Created attachment 1923814 [details] Log of git bisect Description of problem: Virtual machines that boots from nfs mounted qcow2 images fails to boot when the nfs server runs kernel 6.0.5 The erros are often Booting from Hard Disk... GRUB loading. Welcome to GRUB! error ../../grub-core/kern/dl.c:ELF header smaller than expected. Entering rescue mode... grub rescue> Version-Release number of selected component (if applicable): qemu-6.2.0-16.fc36.x86_64 kernel-6.0.5-200.fc36.x86_64 How reproducible: always Steps to Reproduce: 1. Run a virtual machine with boot disk qcow2 formatted mounted from an nfs server running kernel-6.0.5-200.fc36.x86_64 Actual results: Machine fails to boot Expected results: Clean boot Additional info: Git repo is linux-stable A git bisect lands me at 310d9d5a5009a93377200b98daa2d84aa2bd8160 So commit 746de1f86fcd works But cherry picking f0f6b614f83d 310d9d5a5009 bfbfb6182ad1 on top of 746de1f86fcd is broken.
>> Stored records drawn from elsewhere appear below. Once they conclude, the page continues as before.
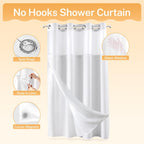 River Dream Cotton Blend Fabric Shower Curtain Set with Liner, White, 54x80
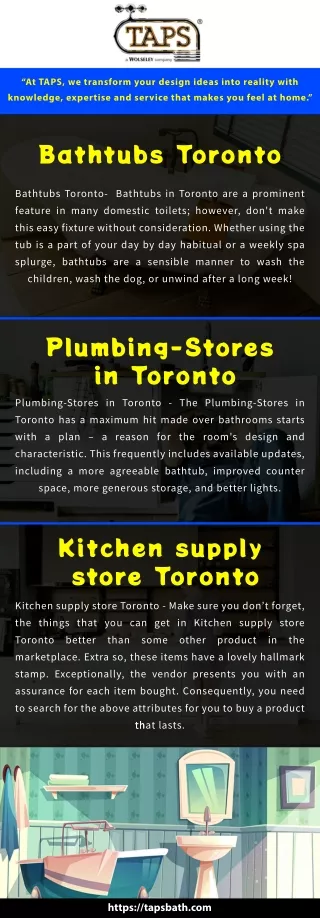 Kitchen Supply Store | Bathtubs | Plumbing-Stores in Toronto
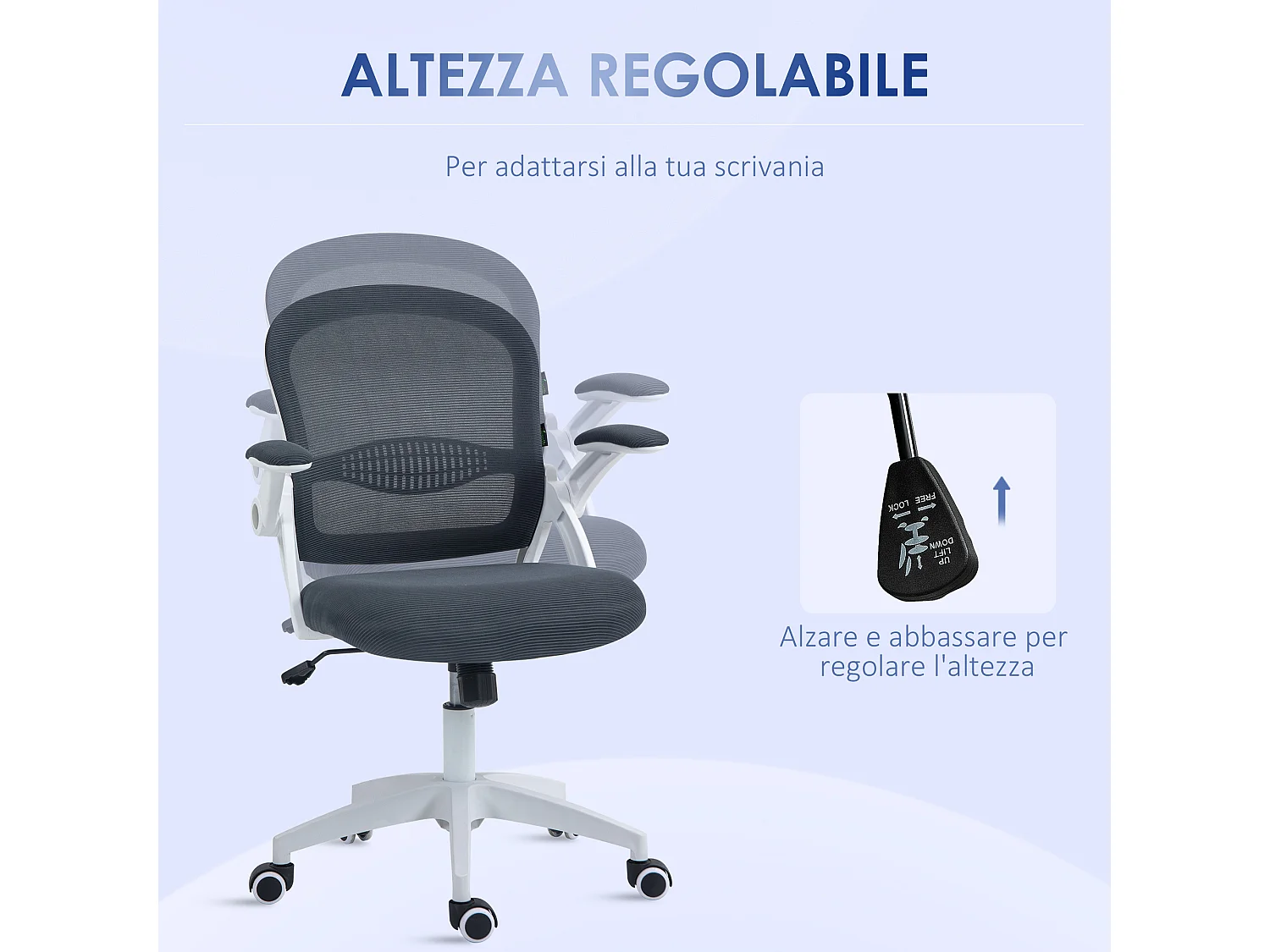 Sedia da ufficio ergonomica con altezza regolabile grigio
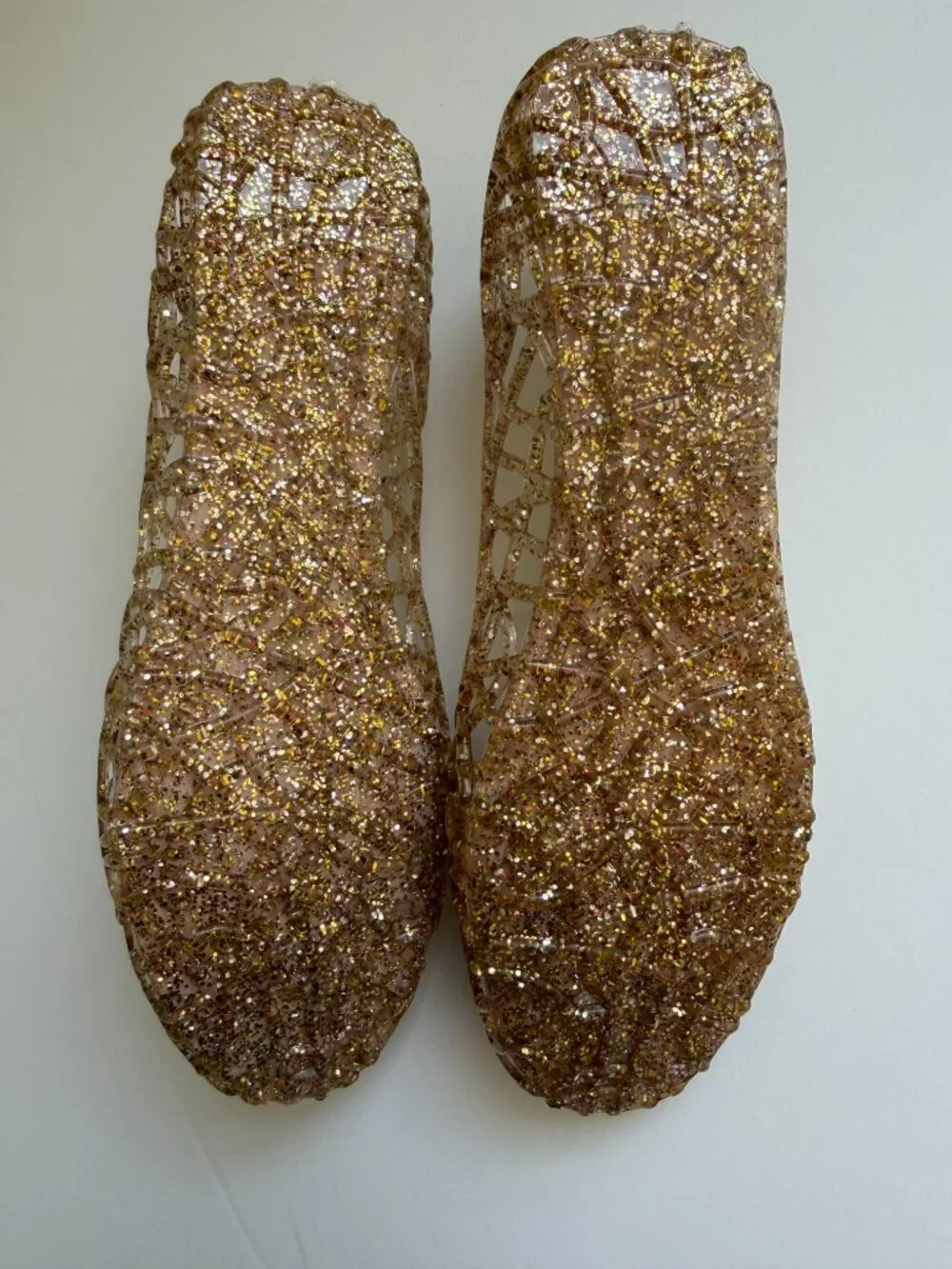 Gold Glitter Beach Jelly Slip On Ballet Flat Shoes Size: 7 1/2 - Picture 6 of 6
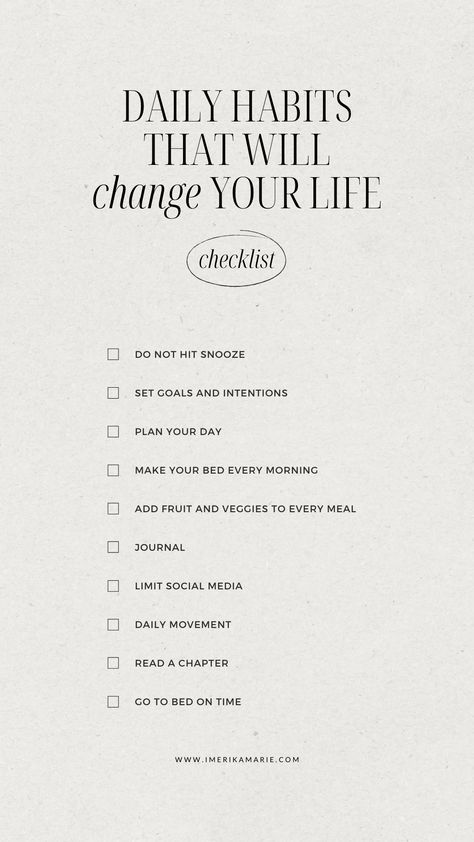 Daily Habits That Will Change Your Life, Things That Will Change Your Life, Daily Healthy Habits Checklist, Habits That Changed My Life, Habits That Will Change Your Life, Daily Habits To Improve Your Life, Life Reset Checklist, Daily Good Habits, Getting Your Life Together Checklist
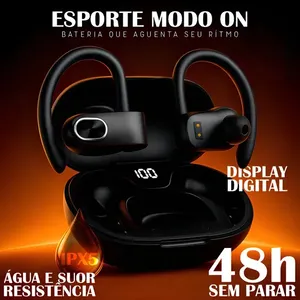 Fone Ouvido Bluetooth A Prova Dagua 5.3 Profissional Sem Fio Compatível Com Iphone Samsung Xiaomi Lenovo Motorola Android Ios Wireless Tela Led Caixinha De Carregar Usbc Tipo C Microfone Cancelador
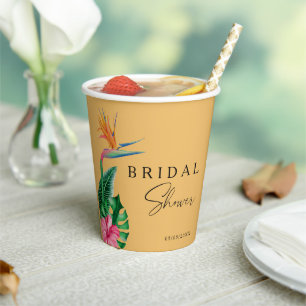 Tropical floral  bridal shower  paper cups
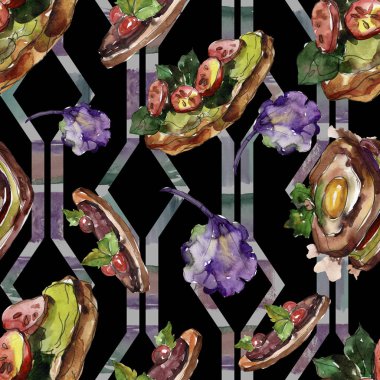 Bir suluboya tarzında sandviç. Suluboya lokanta illüstrasyon öğesi. Sorunsuz arka plan deseni.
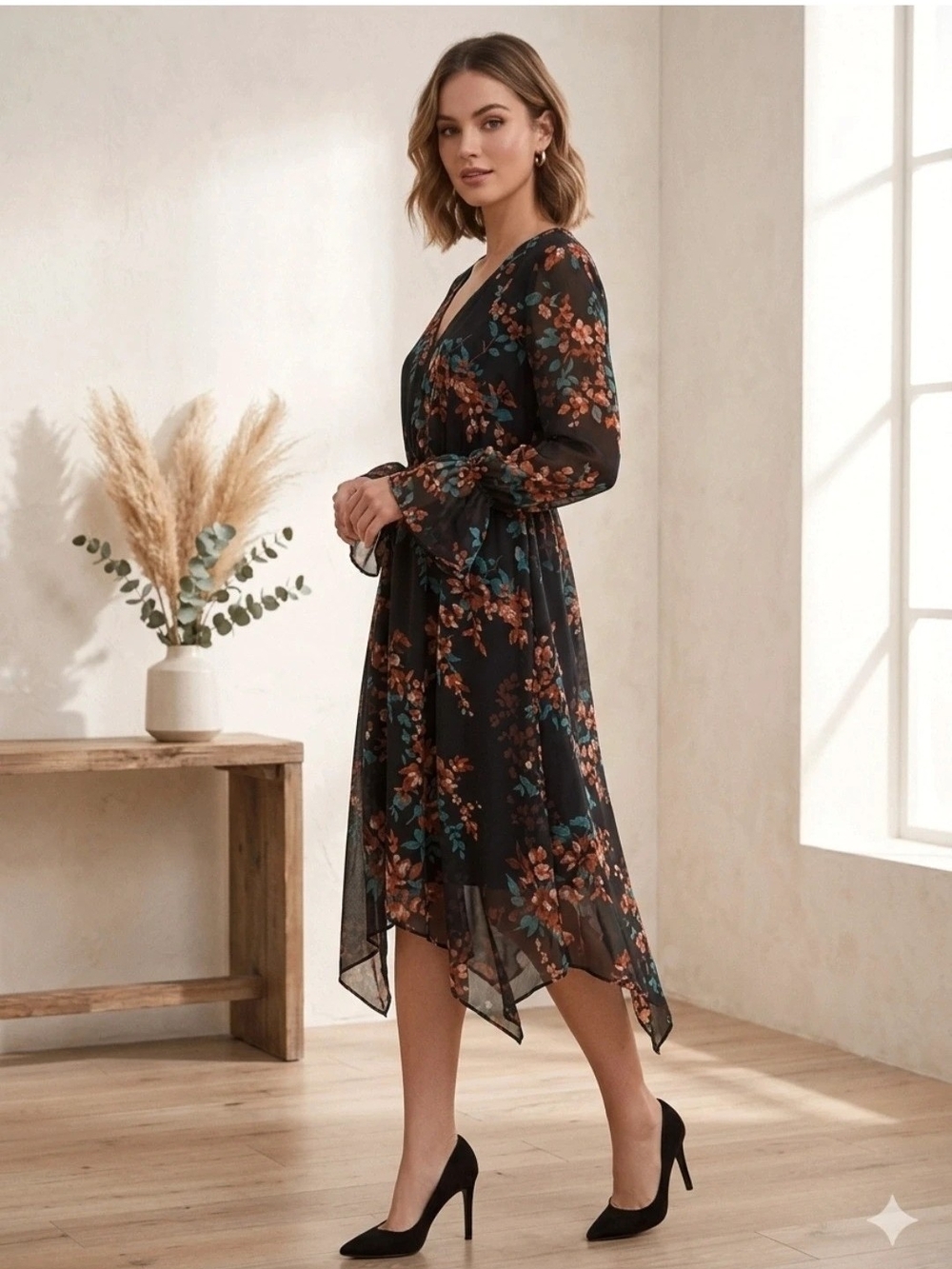 Black Floral High-Low Midi Dress with Teal & Rust Blooms
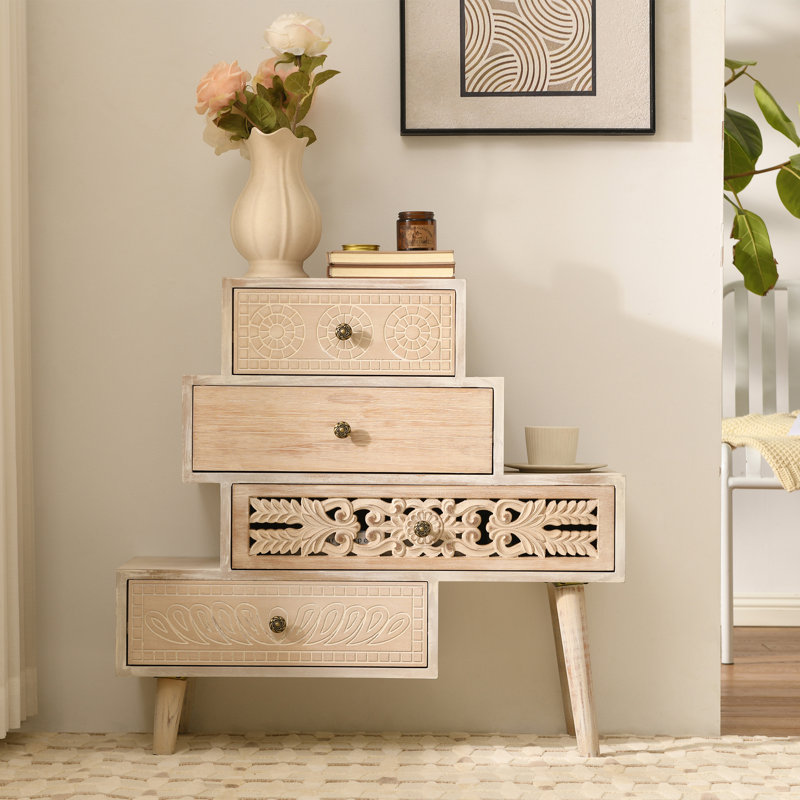 Cayden Farmhouse 4-Drawer Rustic Wood Accent Chest,Handcrafted Cabinet, Natural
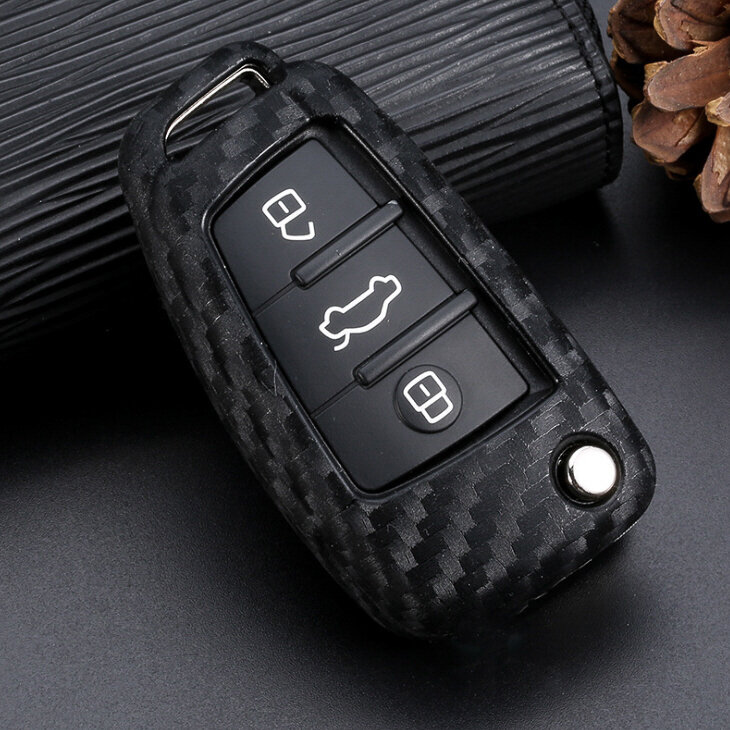 Silikonové pouzdro s karbonovým vzhledem pro klíče od auta Audi / VW (typ AX3) | Carocase Premium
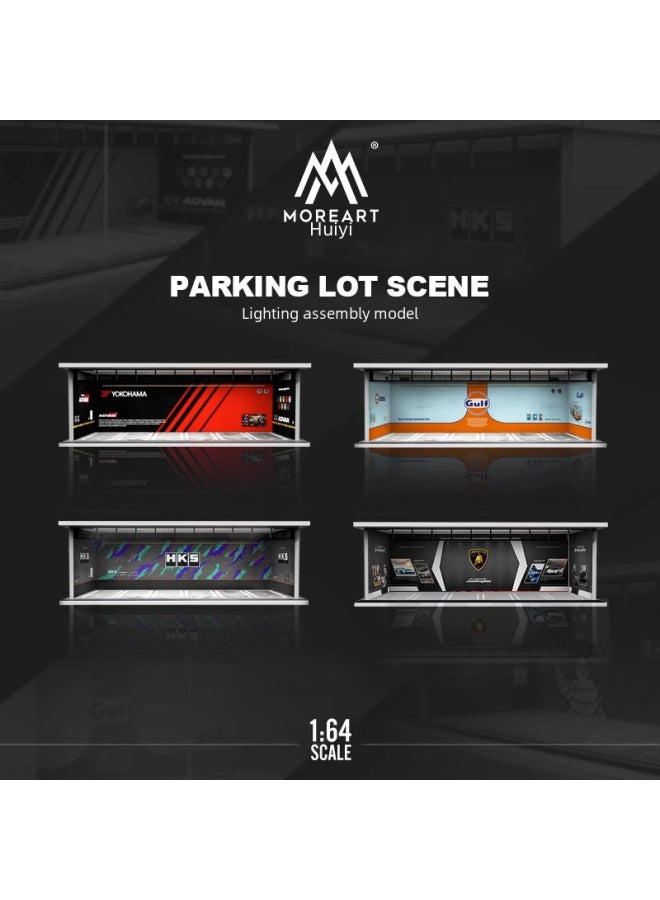 Loquat 164 Scale Underground Parking Garage Car Modification Rv Position Vehicle Model Dustproof Box Led Light Assembly-Color:Mazda Lighting Edition Assembled Scene - Image 2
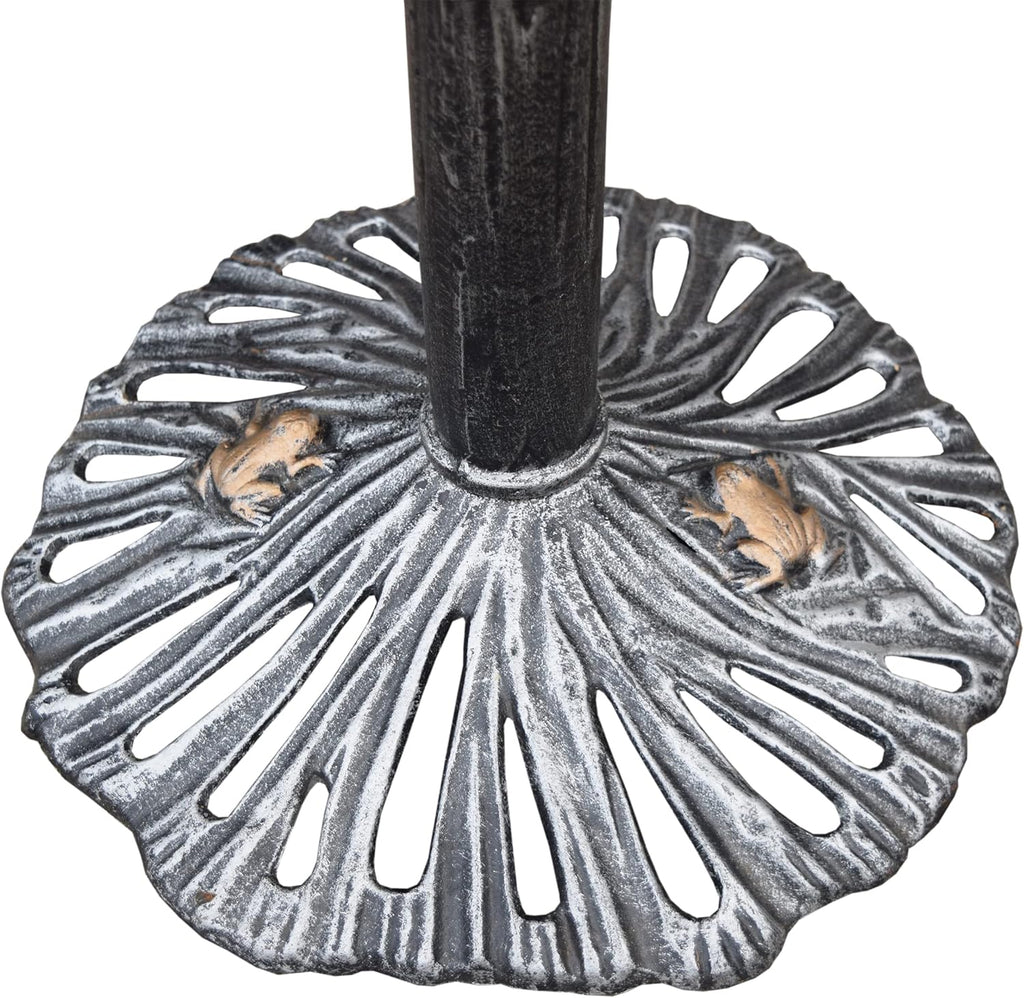 5065AP Antique Pewter Sunflower Design Aluminum Birdbath, Silver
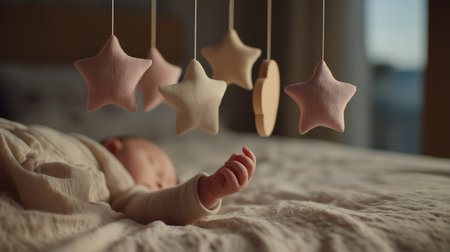 Baby lies peacefully on bed reaching for hanging star mobile. Serene nursery atmosphere with soft lighting creates calming environment. Concept of infant care, maternity, baby products.の素材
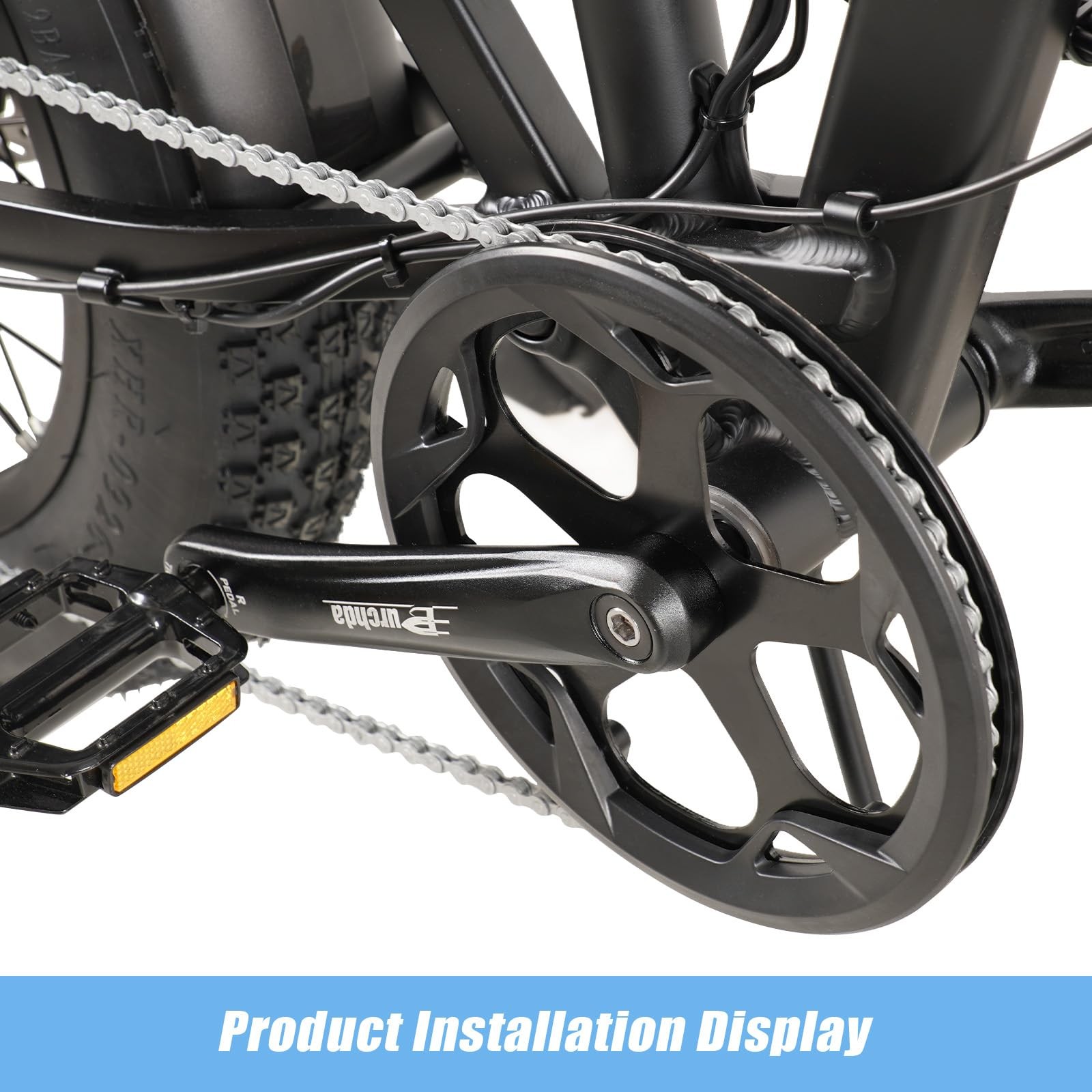 Bike Crankset for Ebike: 52T Universal Set Double 52T, Black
The bfbfb6182ad1 is picked due to the commit comment commit bfbfb6182ad1d7d184b16f25165faad879147f79 Author: Al Viro <viro.org.uk> Date: Sat Sep 10 22:14:02 2022 +0100 nfsd_splice_actor(): handle compound pages pipe_buffer might refer to a compound page (and contain more than a PAGE_SIZE worth of data). Theoretically it had been possible since way back, but nfsd_splice_actor() hadn't run into that until copy_page_to_iter() change. Fortunately, the only thing that changes for compound pages is that we need to stuff each relevant subpage in and convert the offset into offset in the first subpage. Acked-by: Chuck Lever <chuck.lever> Tested-by: Benjamin Coddington <bcodding> Fixes: f0f6b614f83d "copy_page_to_iter(): don't split high-order page in case of ITER_PIPE" Signed-off-by: Al Viro <viro.org.uk>
Created attachment 1923830 [details] working rpcdebug dump
Created attachment 1923831 [details] filed rpcdebug dump
Hi Anders, thanks for the report. What's the backing filesystem exported by nfsd where the VM's qcow2 image resides? It might be useful to see some trace output from nfsd (if you can get your server to only service the one VM). I'm interested in offsets/lengths when the problem occurs: grep nfsd_read /sys/kernel/debug/tracing/available_events > /sys/kernel/debug/tracing/set_event .. reproduce, then send the last few lines of /sys/kernel/debug/tracing/trace. Turn that tracing back off with: > /sys/kernel/debug/tracing/set_event
Created attachment 1924258 [details] Full trace of nfs_read From my bisecting and code inspection, it looks like the second part of commit 310d9d5a5009 is to blame, and it also looks suspiciously simpler than the iov_iter_bvec_advance (called from iov_iter_advance) it's meant to replace.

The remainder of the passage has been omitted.